[Exercise brief]: Write out exactly the lines from the one that contains "1boy abs abstract_background" down to the last line of the material below, keeping both ends and omitting pictures.

[Exercise data]:
* * * * * * *
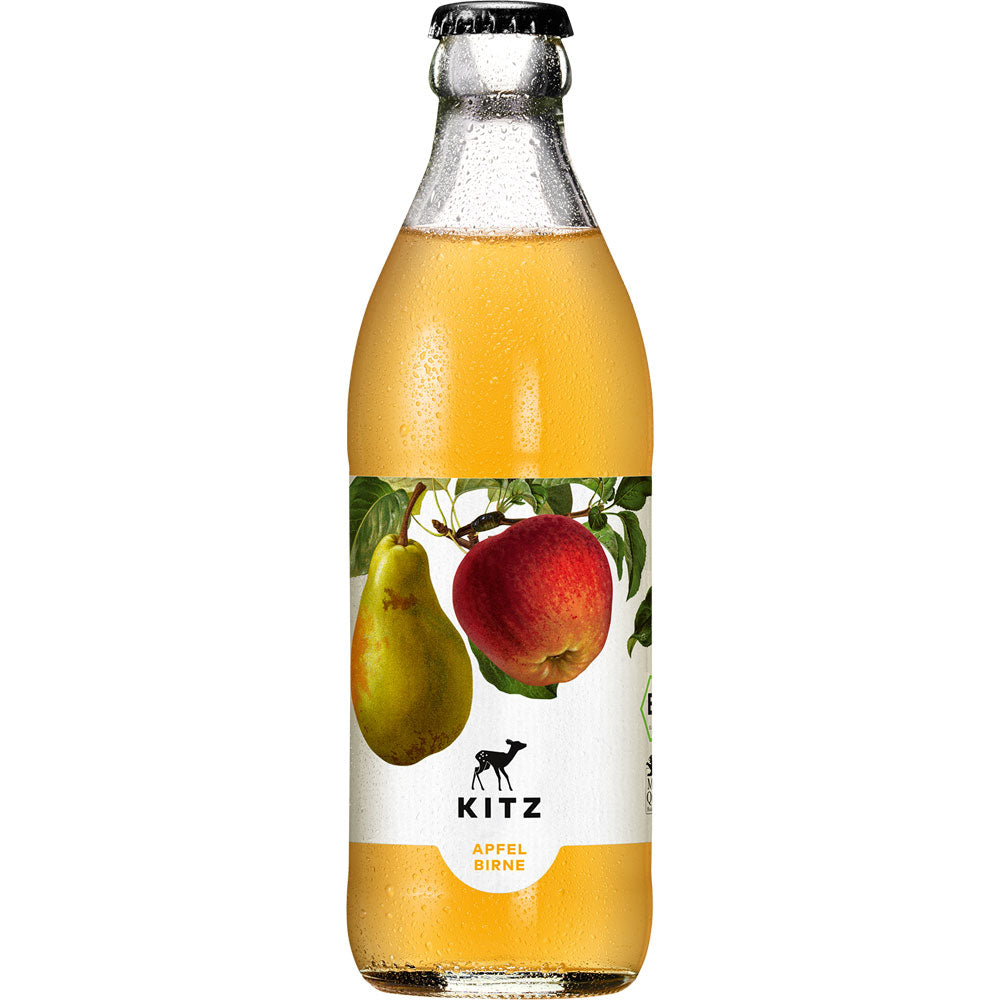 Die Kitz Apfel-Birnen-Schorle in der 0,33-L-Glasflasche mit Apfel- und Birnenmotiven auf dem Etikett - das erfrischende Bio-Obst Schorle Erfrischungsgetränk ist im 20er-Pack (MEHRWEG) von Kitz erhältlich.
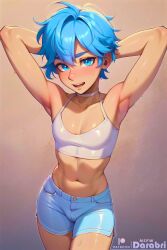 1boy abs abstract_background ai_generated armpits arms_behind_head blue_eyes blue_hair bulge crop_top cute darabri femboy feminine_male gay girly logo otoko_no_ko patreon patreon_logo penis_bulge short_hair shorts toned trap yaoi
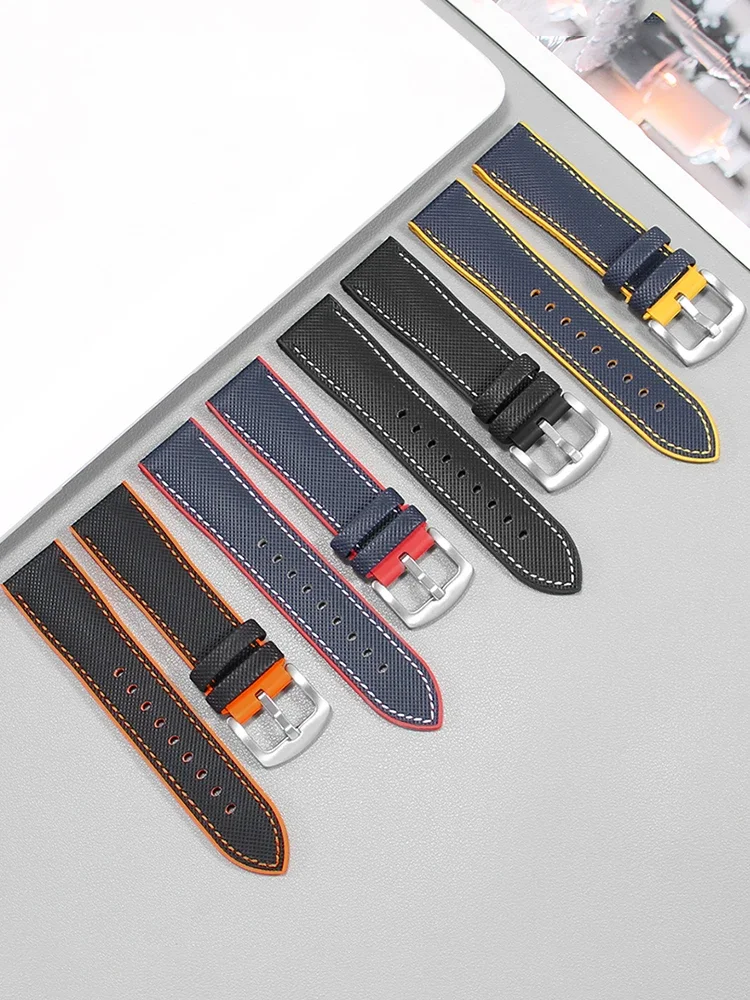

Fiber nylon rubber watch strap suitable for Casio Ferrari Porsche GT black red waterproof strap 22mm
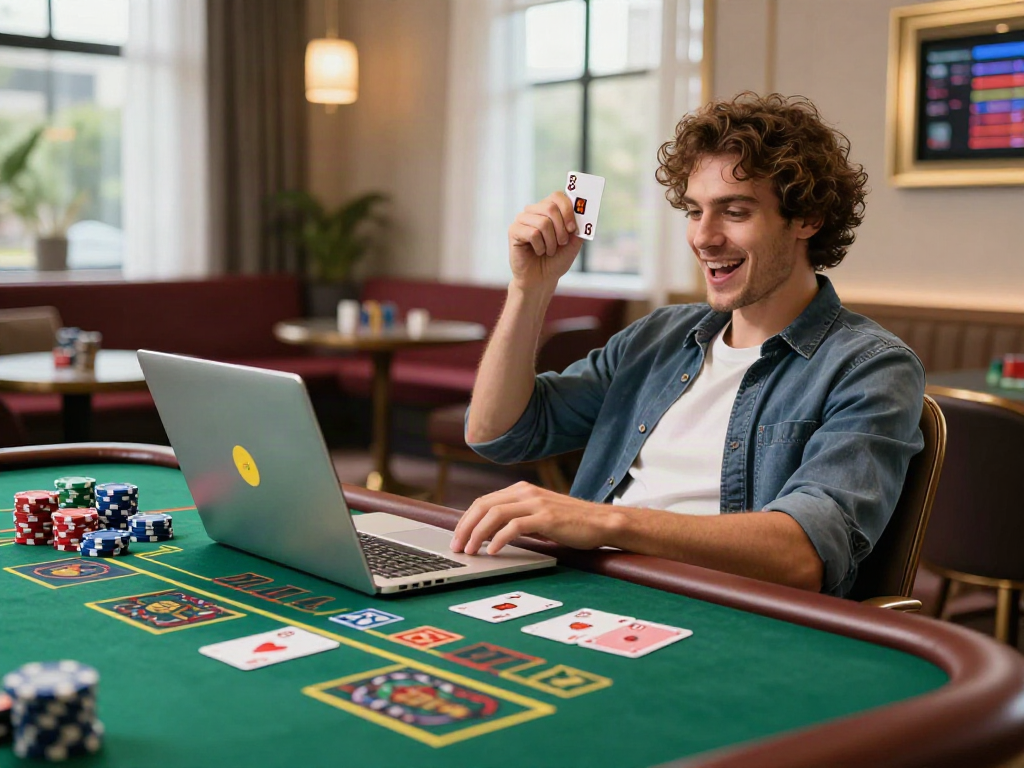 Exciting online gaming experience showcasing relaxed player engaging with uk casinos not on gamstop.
* * * * * * *
[Solution]:
 1boy abs abstract_background ai_generated armpits arms_behind_head blue_eyes blue_hair bulge crop_top cute darabri femboy feminine_male gay girly logo otoko_no_ko patreon patreon_logo penis_bulge short_hair shorts toned trap yaoi

Fiber nylon rubber watch strap suitable for Casio Ferrari Porsche GT black red waterproof strap 22mm
 Exciting online gaming experience showcasing relaxed player engaging with uk casinos not on gamstop.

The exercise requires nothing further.